By Andrew Heath On 18.02.2020 Food & agricultureClimate changeResilienceBlog

Majdoub village, Darfur

 

It is hard to describe just how far Majdoub has come since Practical Action first started work there.

When Practical Action project manager Awadalla Hamid first arrived there he was met with suspicion. To say people in Darfur had been through a bad time is a colossal understatement. Farmers and cattle owners who had lived side-by-side for generations had turned on each other. Traditional community structures had been ripped up as age-old systems of decision making and governance disintegrated in the chaos of civil war and the horror of ethnic cleansing.

Newcomers – even Darfurians – were treated with suspicion when they entered a village without an invitation. Worse still, there was often no-one acting as a leader or decision maker. As a result, Awadalla and his team often found themselves facing hostile groups of fellow Darfurians and, more than once, were kidnapped and threatened with death.

“It was a difficult time,” said Awadalla. “People had lost everything. To get people to work with us, we had to start by showing that we could be of value.”

So Awadalla and his team started by teaching people basic skills that would enable them to access money and infrastructure.

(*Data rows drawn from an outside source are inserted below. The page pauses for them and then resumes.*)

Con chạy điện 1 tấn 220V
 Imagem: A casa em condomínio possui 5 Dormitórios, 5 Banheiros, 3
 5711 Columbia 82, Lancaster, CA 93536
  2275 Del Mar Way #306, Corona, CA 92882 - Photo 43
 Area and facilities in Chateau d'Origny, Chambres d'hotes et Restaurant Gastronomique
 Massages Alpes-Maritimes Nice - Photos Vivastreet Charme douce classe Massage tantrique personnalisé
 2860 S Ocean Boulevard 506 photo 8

Firstly, they helped them form village development committees and trade networks and taught members skills such as decision making, negotiation, governance structures, basic accounting and training methods.

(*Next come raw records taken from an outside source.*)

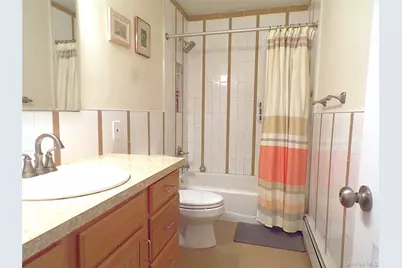 348 Central Park Avenue #C5, Scarsdale, NY 10583 - Photo 11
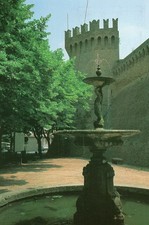 CORINALDO LO SPERONE E LA FONTANA FRANCOBOLLO E TIMBRO PRIMO GIORNO VEDI RETRO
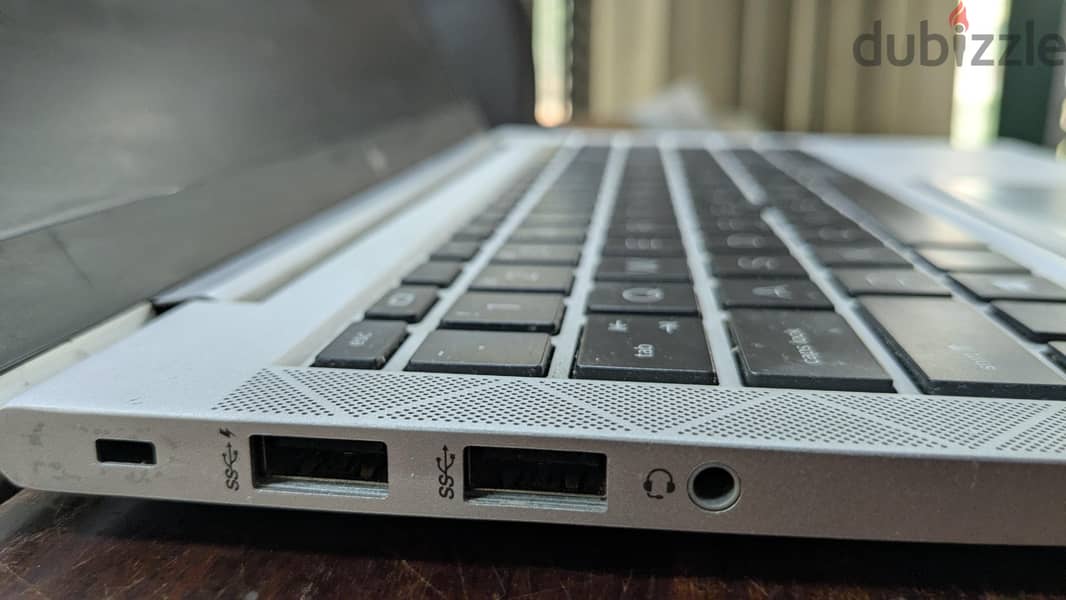 HP Elitebook 845 G8 (Ultraslim) 4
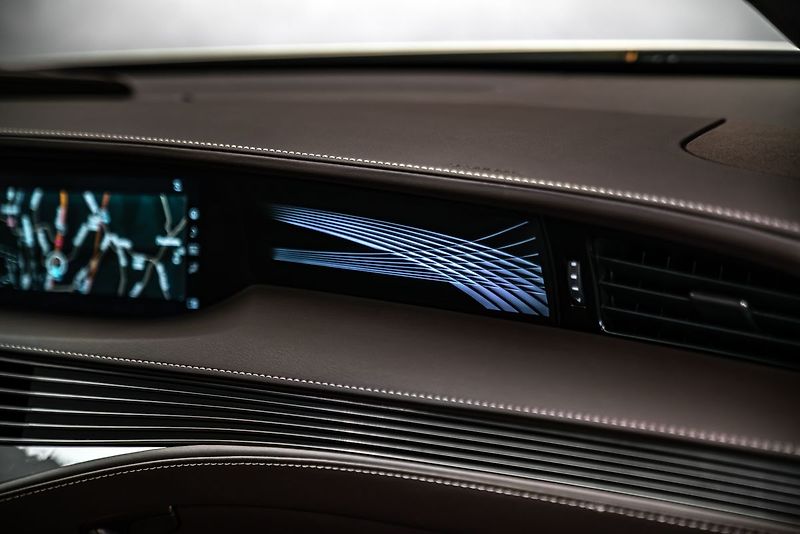 Lexus LS 500 LUXURY H AWD - fotka 18 z 28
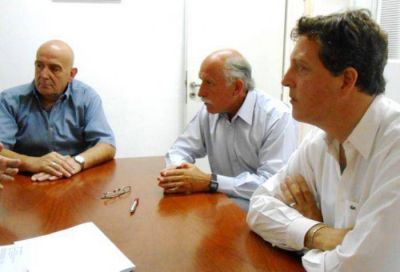Defensores del Pueblo reclaman mayor control a la L�nea 221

Awadalla training farmers, Majdoub

 

Through these networks, Awadalla and his team was able to employ a ‘train the trainer’ system by sharing new skills and techniques with individuals who returned to their communities and shared their knowledge with thousands more people.

In this way, farmers, blacksmiths, brickmakers and women’s groups all continued to benefit from Practical Action’s way of working even when it was too dangerous for his staff to travel outside the main towns.

At the same time, well run village committees found they were able to work with local authorities and INGOs to access money for basic infrastructure, like water pumps and services such as access to credit.

“After we had showed value to the communities and they became happy to see us, we started showing them more successful ways of environmental conservation and agricultural techniques.”

But many farmers had doubts about the benefits of the wisdom of Awadalla and his team.

“We still have to prove that our work will benefit the people,” added Awadalla. “So we show them the benefits with their own eyes.

“We divide a field up into two and show them how the crops would grow with their methods and how they grow with our techniques.

“Once they see that the crops are growing better with our techniques, everyone copies them and people want to work with us. It is up to us to make sure we are working with the people who will share the knowledge as much as possible.”

And that’s not all. Once other communities started seeing the benefit of putting community structures in place, they got in touch with Awadalla and his team and copied them, meaning they could access funds – from regional governments and other organisations – and take control of their future and rebuild their lives.

And we’ve not stopped there. This system of water management has became a model for other larger organisations like ZOA, Oxfam and many others in the region, who have started replicating our work and building on our experience.

What’s more, this work has now become a reference for researchers and universities students who are able to learn from this project and take it to Government policy makers not just in Sudan, but in many other countries facing similar problems.

In making change like this happen across an entire region Awadalla and the team in Darfur are the living embodiment of the very sentiment which drives Practical Action: big change, starting small.